**What to do**
Output the entries exactly. Start at the first line, finish with the line containing "Silhouette of young", and omit the pictures.

Brief descriptive captions:
□ □ □

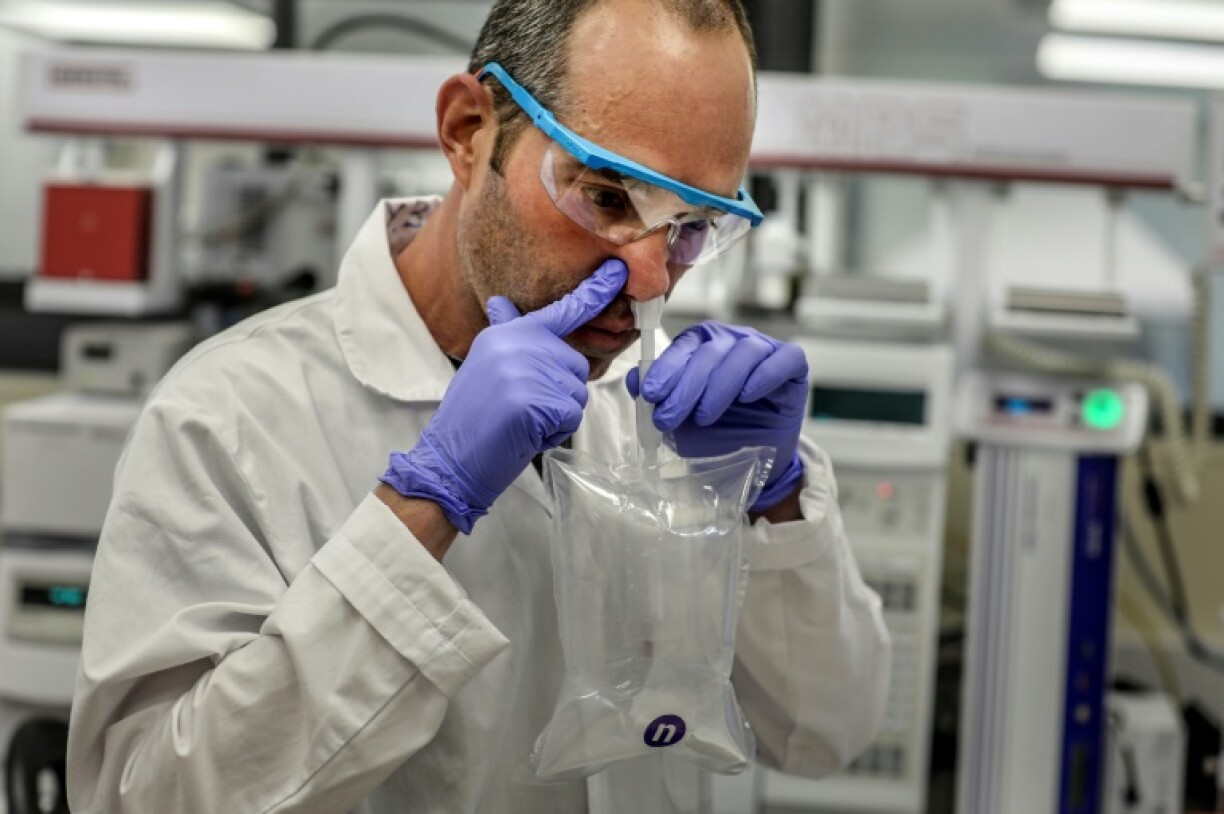 A researcher demonstrates a coronavirus breathalyser test at a NanoScent lab in Israel.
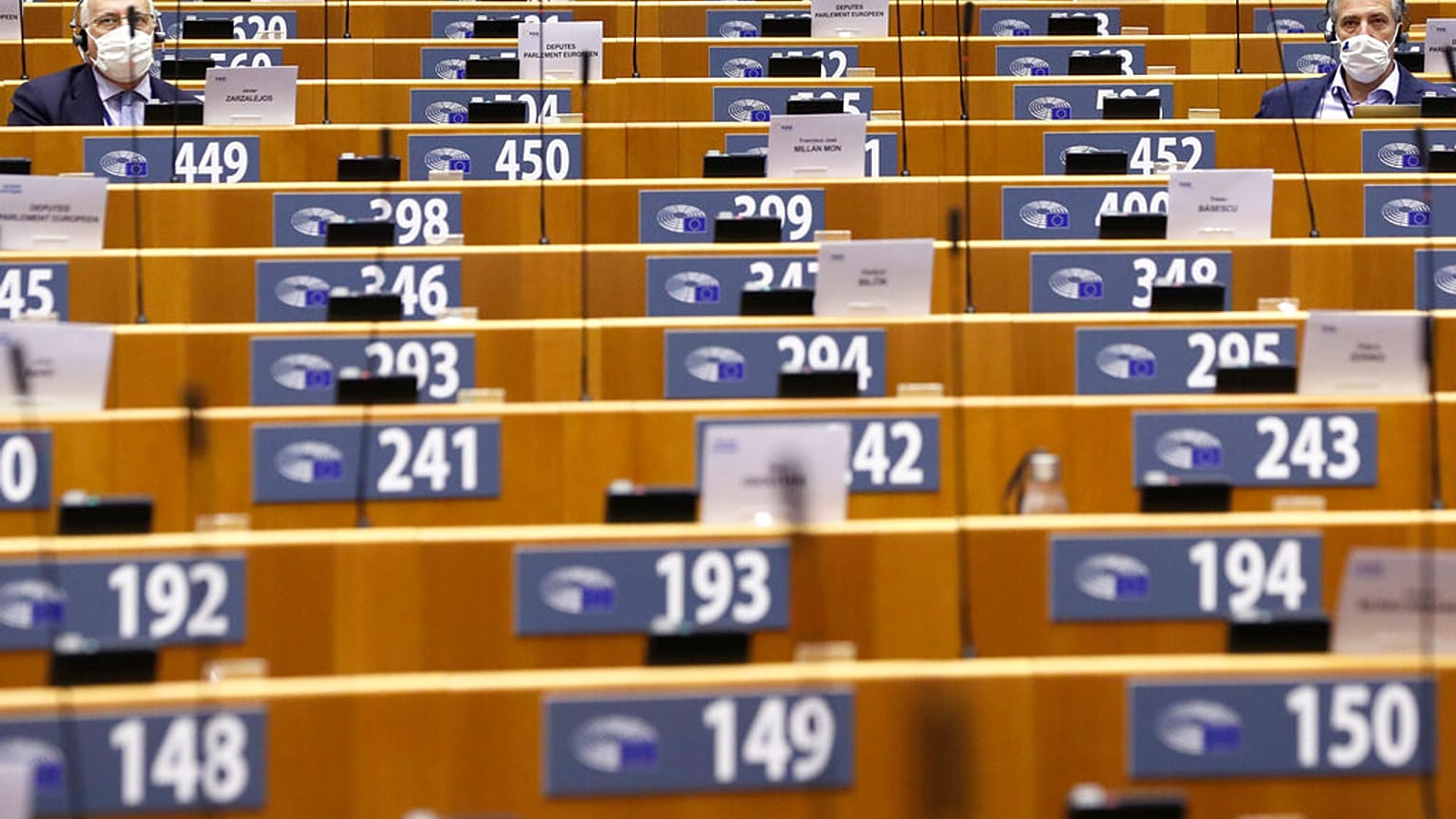 MEPs, wearing face masks to fight against the spread of the coronavirus, attend a plenary session at the European Parliament in Brussels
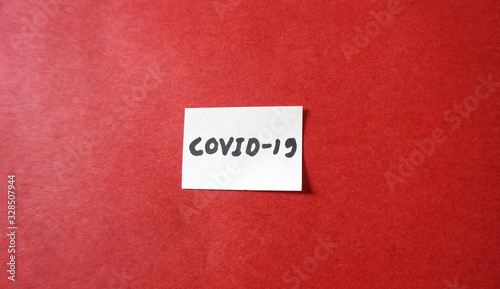  Notepad with words CORONA VIRUS and medicines on red background, flat lay. Space for text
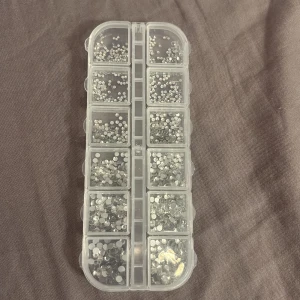 Strass-stenar för smink och naglar - Ett set med små, runda strass-stenar i olika storlekar, perfekta för att dekorera sminklooker eller naglar. Stenarna är silvriga och kommer i en genomskinlig plastask med flera fack för enkel sortering.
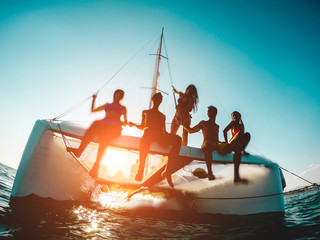 Silhouette of young friends chilling in private catamaran boat - Group of people making sea tour trip - Alternative travel vacation during Coronavirus outbreak - Focus on left girl - Water on camera - obrazy, fototapety, plakaty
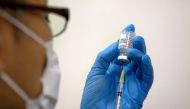 Medical staff prepare Moderna coronavirus (COVID-19) vaccine to be administered at newly-opened mass vaccination centre in Tokyo, Japan, May 24, 2021. Carl Court/Pool via REUTERS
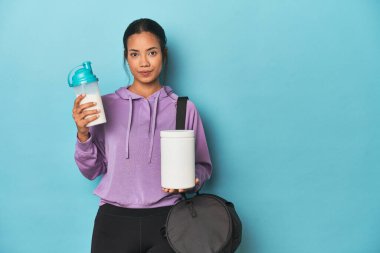 Mavi stüdyoda protein içeceği ve tozuyla Filipinli sporcu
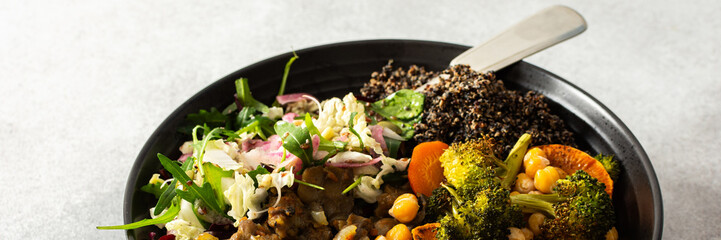 A vibrant, protein-packed breakfast with black quinoa, avocado, chicken, roasted veggies like sweet potato, broccoli, and a fresh salad of cabbage, radish, chia, and sesame seeds, banner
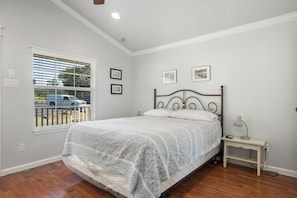 Un dormitorio con cama, mesita de noche, ventana con persianas e imágenes enmarcadas en la pared.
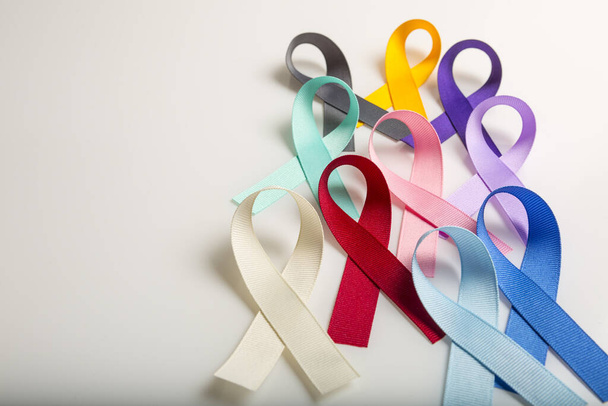 Multi colored cancer ribbons Proudly worn by patients, supporters and survivors for world cancer day. Bringing awareness to all types of cancer - Фото, изображение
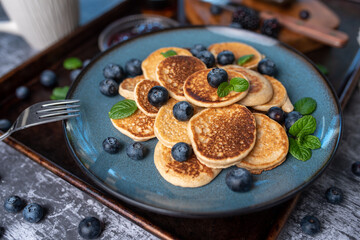 Mini pancakes on a plate with blueberries, jelly and butter. Protein pancakes for smaller bites....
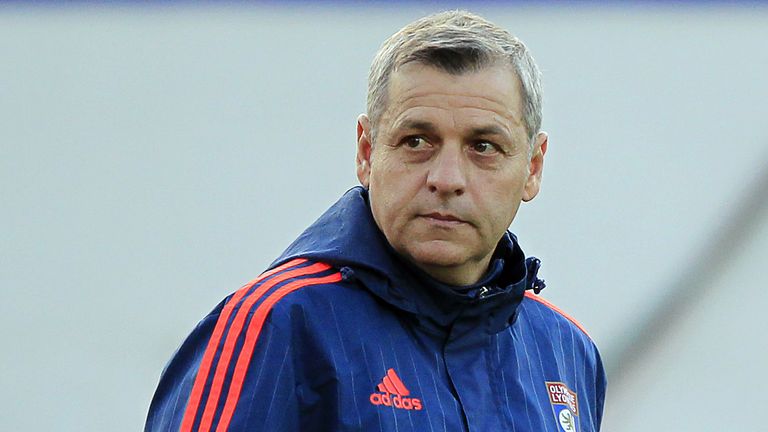 Lyon's assistant coach Bruno Genesio walks prior to the French L1 football match between Gazelec Ajaccio (GFCA) and Lyon (OL) 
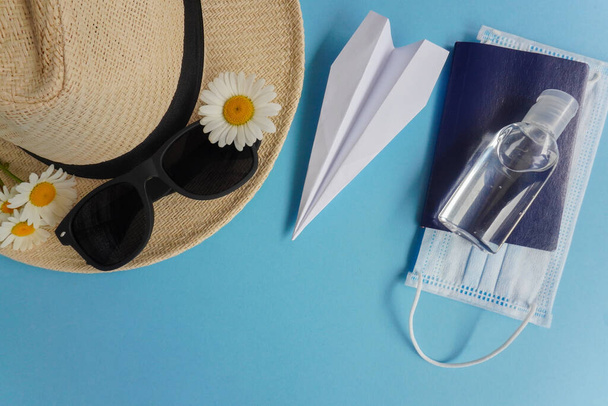Diseño de verano con sombrero de paja, margaritas y gafas de sol, avión-origami, desinfectante, pasaporte y máscara médica.Concepto de viaje y recreación. Vuelos al mar, descanso durante coronavirus. Pisos en azul
 - Foto, Imagen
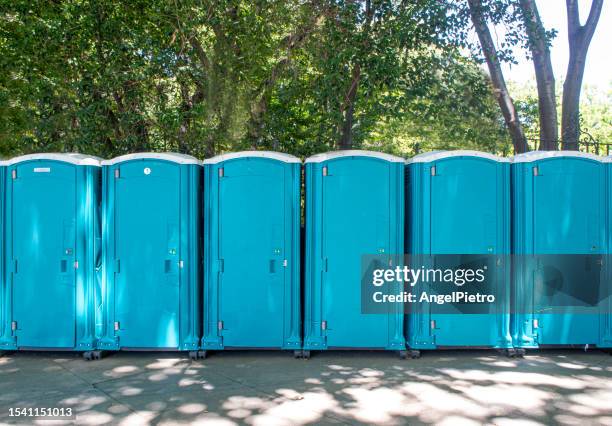 a row of portable toilets in a city mall. - baños públicos fotografías e imágenes de stock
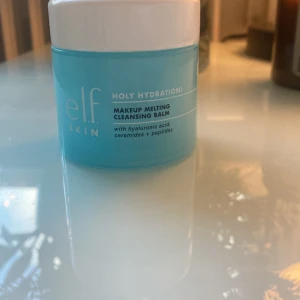 e.l.f. Holy Hydration! Makeup Melting Cleansing Balm - En återfuktande rengöringsbalm från e.l.f. som smälter bort smink effektivt. Innehåller hyaluronsyra, ceramider och peptider för att vårda huden. Passar torr, oljig och kombinerad hud. Perfekt för daglig användning för att rengöra och återfukta huden. Den är knappt använd och köptes för nån månad sen i usa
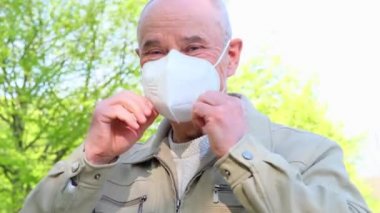 Yetişkin Avrupalı 60 yaşında bir erkek yeşil parkta maske takarak yürüyor, yüksek derecede korunan koruyucu solunum cihazı FFP2, Avrupa 'da COVID-19 Coronavirus, grip, enfeksiyon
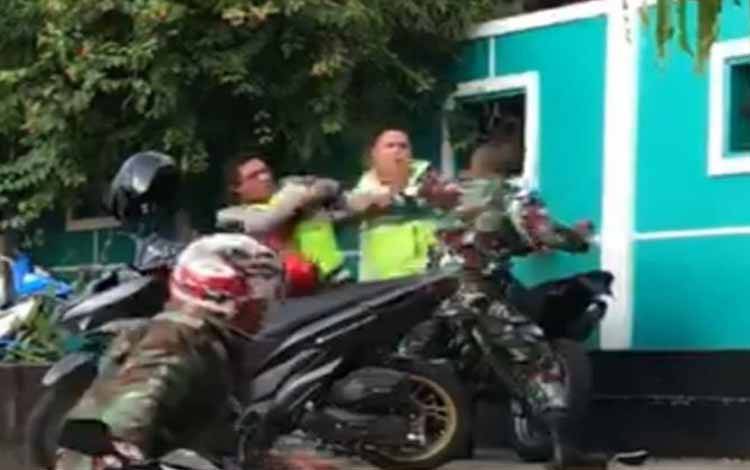 Tangkapan layar dari video viral tiga oknum polisi dan tentara yang baku pukul di Kota Ambon, Maluku, Rabu (24/11/2021) sore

□ □ □

**Task result**
 A researcher demonstrates a coronavirus breathalyser test at a NanoScent lab in Israel.
 MEPs, wearing face masks to fight against the spread of the coronavirus, attend a plenary session at the European Parliament in Brussels
  Notepad with words CORONA VIRUS and medicines on red background, flat lay. Space for text
 Strass-stenar för smink och naglar - Ett set med små, runda strass-stenar i olika storlekar, perfekta för att dekorera sminklooker eller naglar. Stenarna är silvriga och kommer i en genomskinlig plastask med flera fack för enkel sortering.
 Silhouette of young friends chilling in private catamaran boat - Group of people making sea tour trip - Alternative travel vacation during Coronavirus outbreak - Focus on left girl - Water on camera - obrazy, fototapety, plakaty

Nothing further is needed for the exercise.